Tanto os deveres anexos quanto os deveres de proteção estão presentes desde o início da relação jurídica obrigacional, inclusive e especialmente na fase pré-contratual, momento em que se iniciam as tratativas, expõem-se interesses e expectativas, todos tutelados não por um instrumento contratual, mas sim pela boa-fé. Analiticamente, esta fase é formada por vários atos jurídicos autônomos que caminham para o mesmo fim[9], a celebração de um contrato, os quais, um a um, contribuem progressivamente para a formação da relação jurídica contratual, perpassando, desde às negociações propriamente ditas, em que há a manifestação de interesse e troca de informações relevantes, a proposta, a aceitação e, caso necessário, o contrato preliminar — tudo para que se alcance a aquiescência entre as partes e, finalmente, instrumentalize-se o contrato[10].
Nesse sentido, a despeito de haver autores que defendam uma mudança legislativa do referido artigo 422 do CC[11], o qual, por sua omissão, é criticado pela doutrina por não abordar expressamente a etapa das negociações[12], todavia entendemos que nosso sistema jurídico como é — repleto de técnicas legislativas, tal como as cláusulas gerais — já vincula, em um exercício hermenêutico sistemático, a obrigação pré-contratual. E sem elevar a boa-fé à panaceia, haja vista o risco de se ultrapassar a linha tênue que guarda com a autonomia privada[13], igualmente invocada nessa fase das negociações como elemento também indissociável, é certo que o momento pré-contratual, ainda que não esteja protegido pelo vínculo jurídico contratual[14], já se encontra tutelado pela boa-fé objetiva sob todas as suas dimensões funcionais, as quais devem ser observadas sob pena de responsabilização. Afinal, nas palavras de FRITZ, as negociações possuem “[…] normatividade na medida que impõem aos envolvidos a necessidade de observar diversos deveres de conduta decorrentes diretamente do princípio da boa-fé objetiva […][15].
Referências
AZEVEDO, Antônio Junqueira de. Insuficiências, deficiências e desatualização do projeto de Código Civil na questão da boa-fé objetiva nos contratos. Revista dos Tribunais, São Paulo, v. 774, p. 11-17, mai/2000.

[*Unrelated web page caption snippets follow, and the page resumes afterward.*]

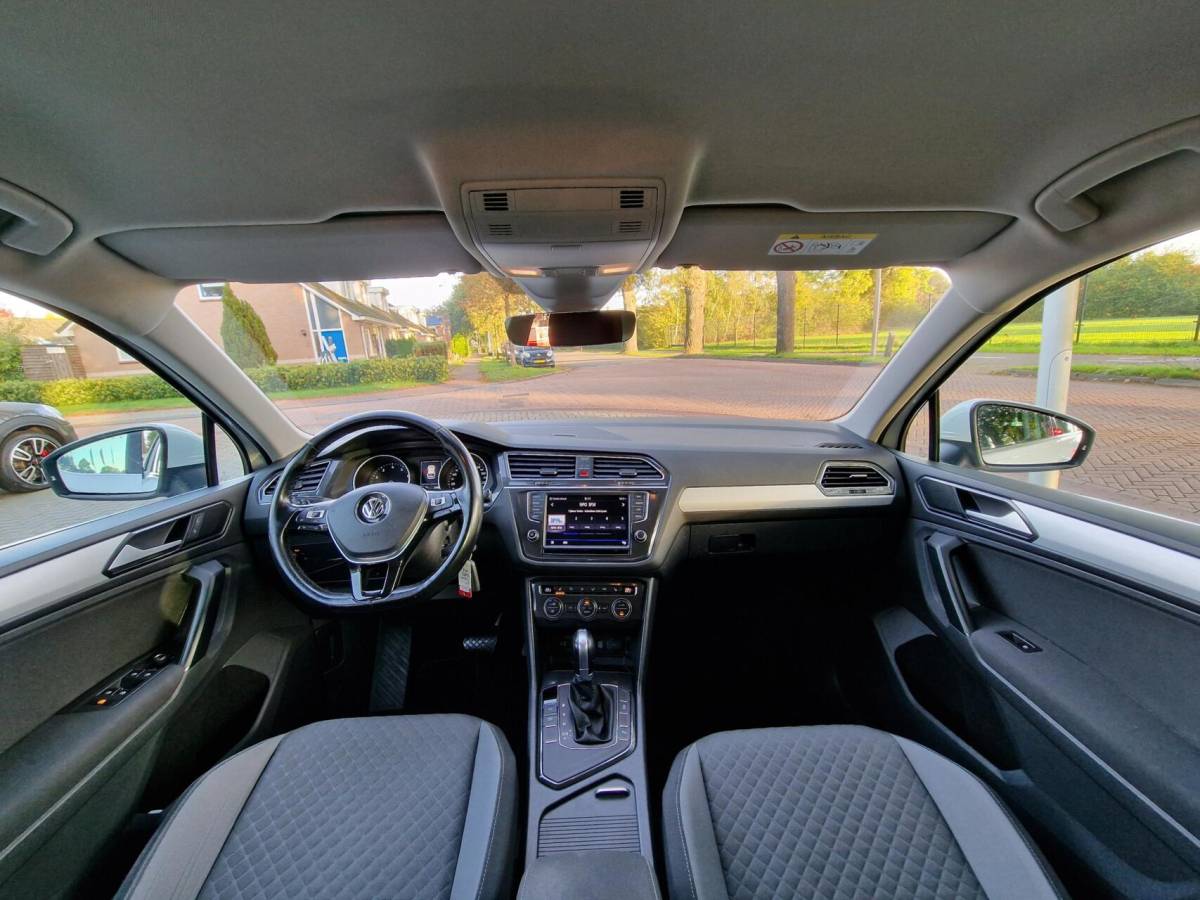 Volkswagen Tiguan Volkswagen Tiguan 1.4 TSI ACT Highline|DSG|Clima|Trekhaak|PDC|Carplay|LED|ACC|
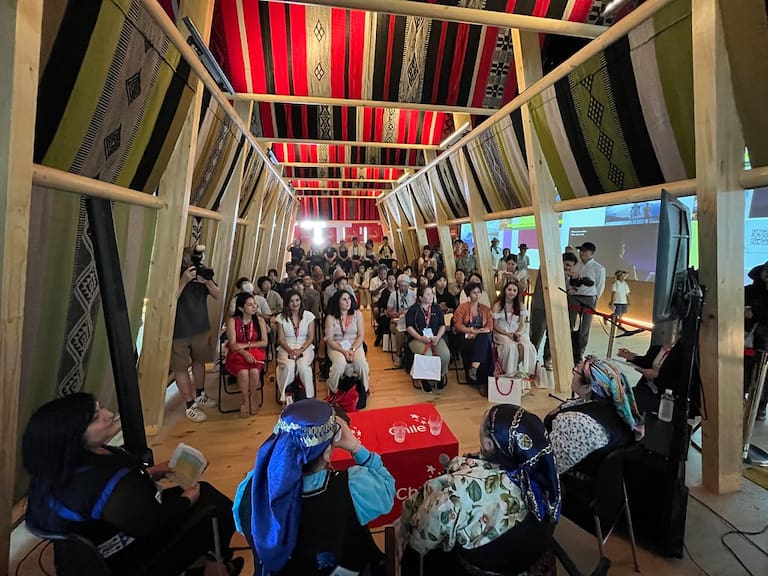 En el Día Internacional de la Mujer Indígena: artesanas mapuches llevan su tejido ancestral a la Expo Osaka 2025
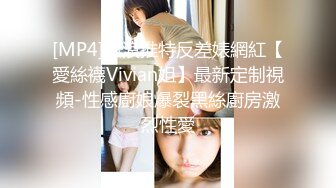 《实战淫记》美女骚娜娜今天约一对亲兄弟粉丝玩3P 前后夹击 一个接一个轮流内射 如果怀孕孩子谁的啊 高清1080P版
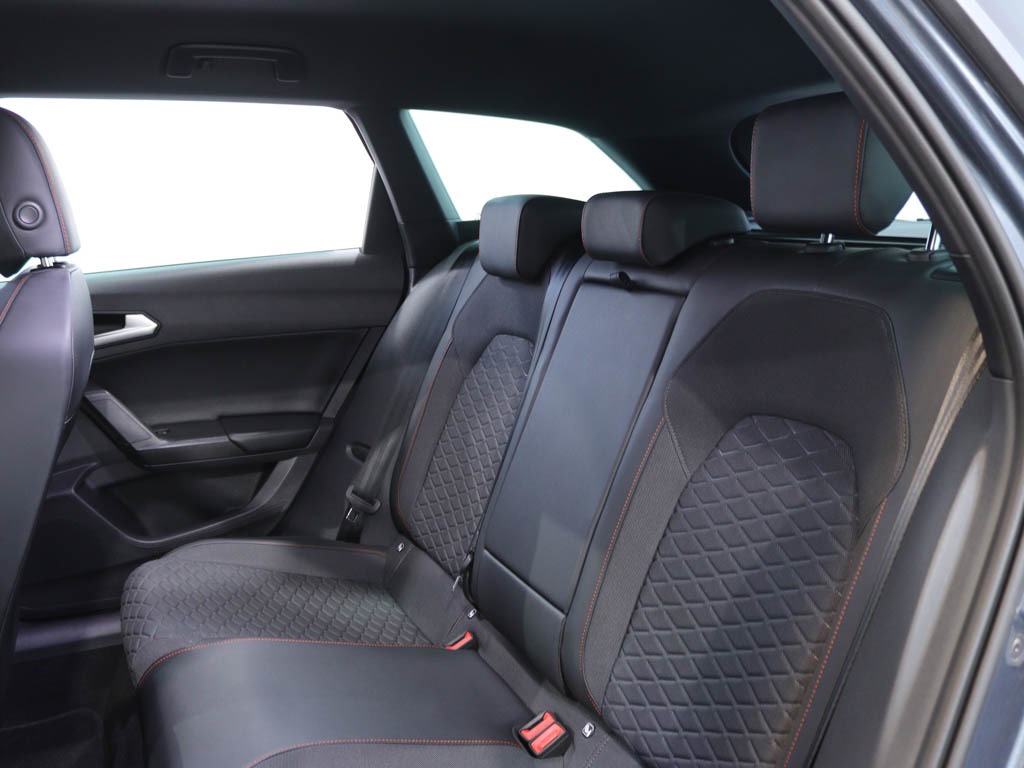 seat-leon-st-2025-hibrido-1498cc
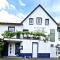 Blue Lagoon Holiday Apartments & Double Room with Balcony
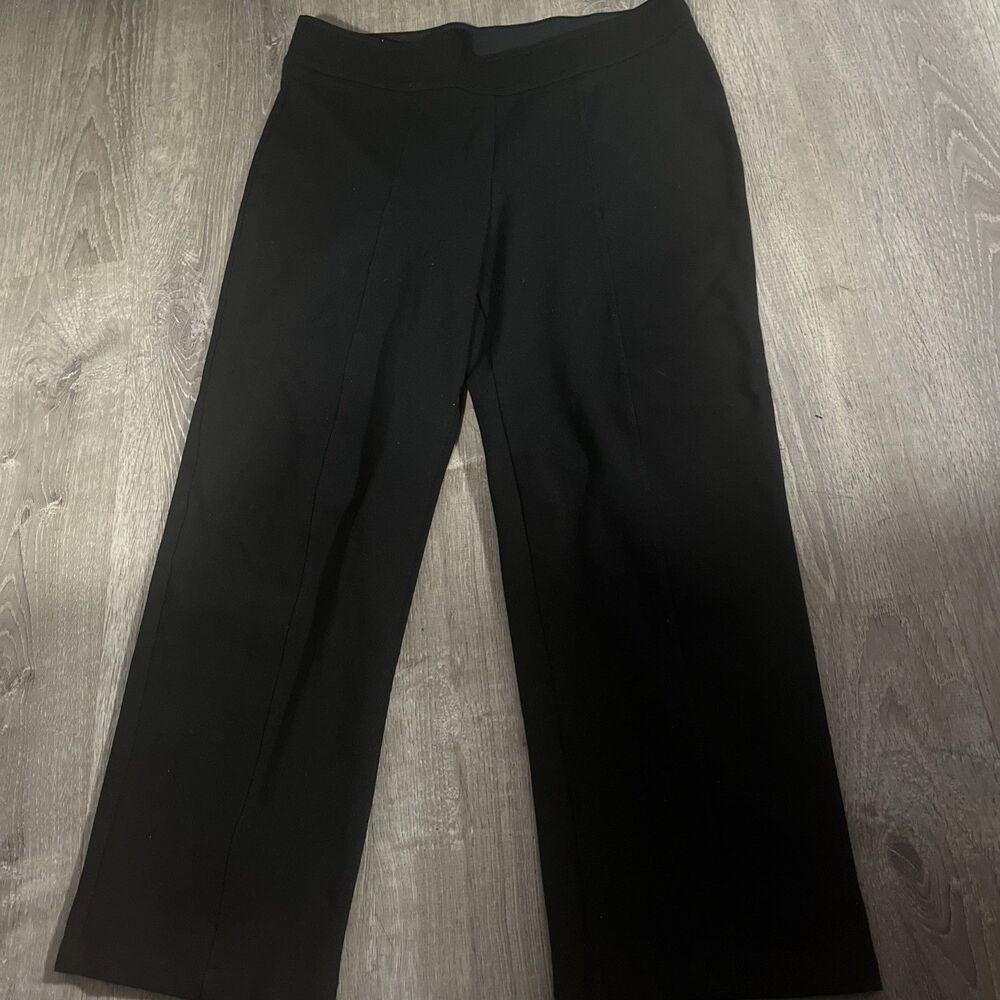 Nygard Slims Straight Leg Women’s Black Pants Size L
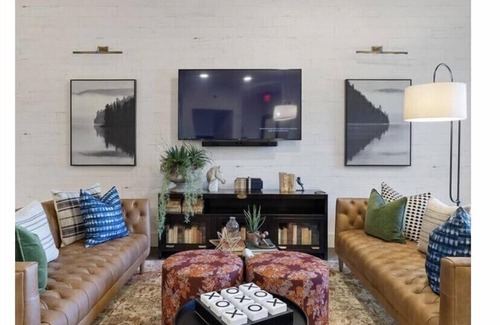 Northlake Wohnung | Entire apartment huge STUDIO APT available now!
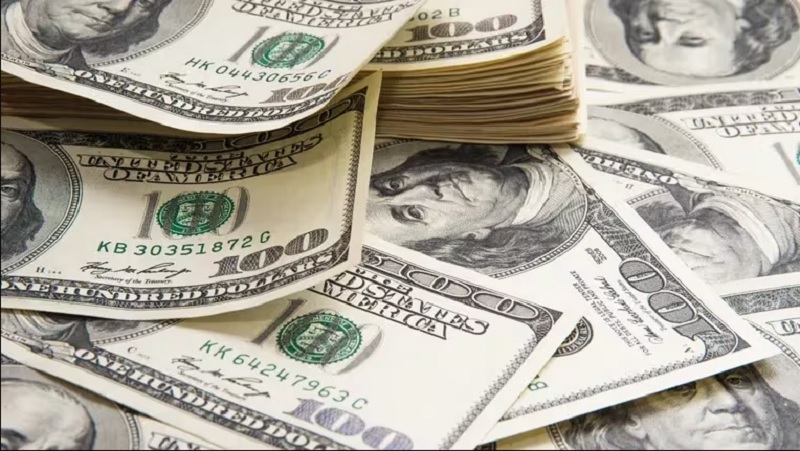 Tensión cambiaria: el dólar alcanzó los $1380 y acumuló $165 de suba en julio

EHRHARDT JR, Marcos. Responsabilidade civil pelo inadimplemento da boa-fé. 2.ed. Belo Horizonte: Fórum, 2017.
FACHIN, Luiz Edson. O aggiornamento do direito civil brasileiro e a confiança negocial. Scientia iuris: revista do curso de mestrado em direito negocial da UEL, Londrina, v. 2/3, p-14-40, 1998.
FERREIRA DA SILVA, Jorge Cesa. A boa-fé e a violação positiva do contrato. Rio de Janeiro: Renovar, 2002.
FRITZ, Karina Nunes. Boa-fé objetiva na fase pré-contratual: a responsabilidade pré-contratual por ruptura das negociações. Juruá: Curitiba, 2008.
GRECCO, Renato. O momento da formação do contrato: das negociações preliminares ao vínculo contratual. São Paulo: Almedina, 2019.
MARTINS-COSTA, Judith. A boa-fé no direito privado: critério para a sua aplicação. 2.ed. São Paulo: Saraiva, 2018.
MORAIS, Ezequiel. A boa-fé objetiva pré-contratual: deveres anexos de conduta. São Paulo: Thomson Reuters Brasil, 2019.
MOTA PINTO, Carlos Alberto da. Teoria geral do direito civil. 4.ed. Coimbra: Coimbra Editora, 2005.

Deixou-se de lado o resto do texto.